By mid-morning in London, Brent crude climbed $2.93, or 3.2%, to $94.05 a barrel. U.S. West Texas Intermediate advanced $3.36, or 3.9%, to $90.72. Both benchmarks had logged steep monthly losses in May after a brief period of optimism that a ceasefire could be extended and the Strait of Hormuz reopened, easing supply constraints.
The rally in oil helped push U.K. energy stocks higher. Shell and BP rose by about 1.2% and 1.0%, respectively, while Harbour Energy and Ithaca Energy each gained roughly 2.2%.
Official statements described the exchanges as involving defensive and retaliatory actions. The U.S. said it had conducted "self-defence strikes," while Iran’s Islamic Revolutionary Guard Corps reported its aerospace force had struck an air base that had been used for American attacks. Separately, Israel ordered its forces to push further into Lebanon as part of operations against Tehran-backed Hezbollah, adding to the regional pressures that complicate prospects for de-escalation.
Negotiators in Washington and Tehran continued talks over the weekend, but both sides sought revisions to a draft agreement intended to extend the truce and allow reopening of the Strait of Hormuz. Observers characterized progress as unclear. U.S. President Donald Trump said on Friday a decision on the proposed deal was imminent.

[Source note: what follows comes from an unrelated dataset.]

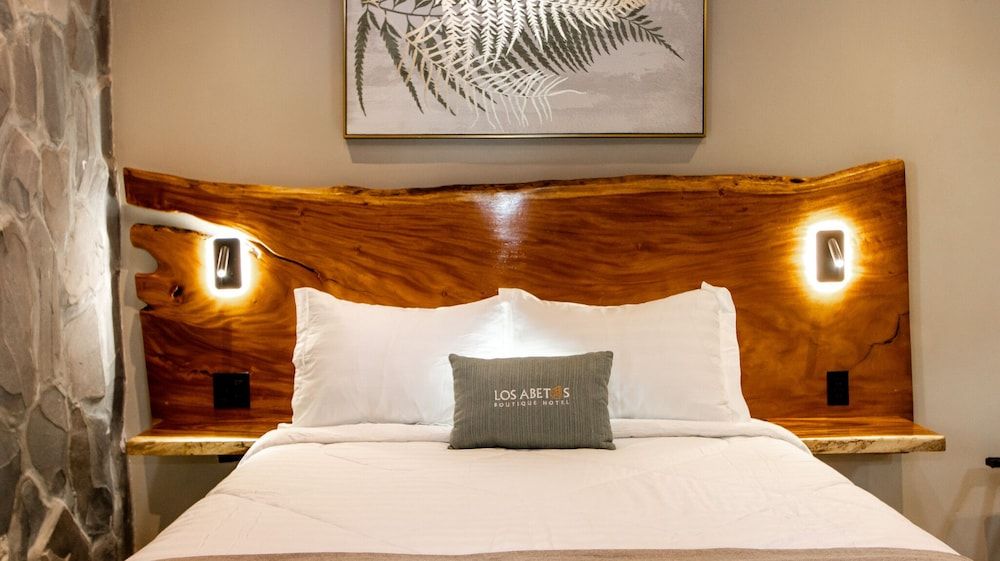 Los Abetos Boutique Hotel Executive Single Room 5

The Strait of Hormuz holds outsized importance for global energy flows: roughly a quarter of seaborne oil passes through the waterway. It has been nearly closed since the wider conflict began in late February, a disruption that coincided with a rise in Brent of more than 25% over that interval. Although some tankers have been able to depart the Persian Gulf in recent weeks, attacks on vessels transiting the strait have persisted.

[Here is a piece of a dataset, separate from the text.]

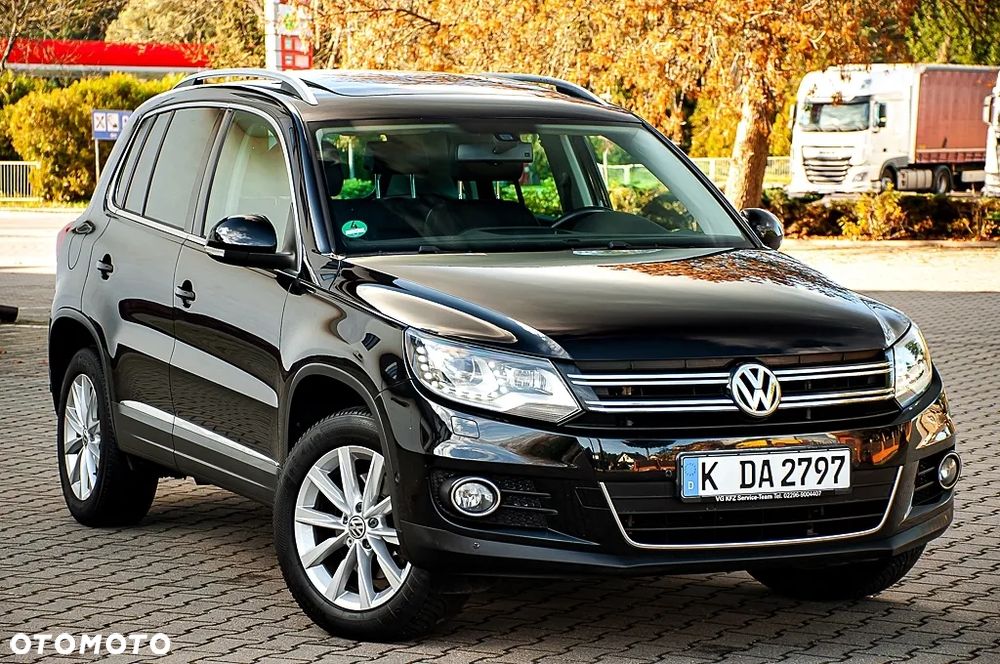 Volkswagen Tiguan 2.0 TDI DPF 4Motion BlueMotion Technology DSG Exclusive - 6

Industry leaders have flagged the ongoing operational dangers. Chevron Chief Executive Mike Wirth said on Friday that the risks for shipowners remain "very real." That continued vulnerability to attacks and the uncertain diplomatic path toward a sustained truce appear to be the immediate drivers behind the market moves seen on Monday.
Market participants and analysts will likely monitor further developments in the ceasefire negotiations, any additional military activity in the region, and subsequent movements in benchmark crude prices. For now, the renewed geopolitical tensions have prompted a rebound in oil benchmarks and modest gains among U.K. energy equities.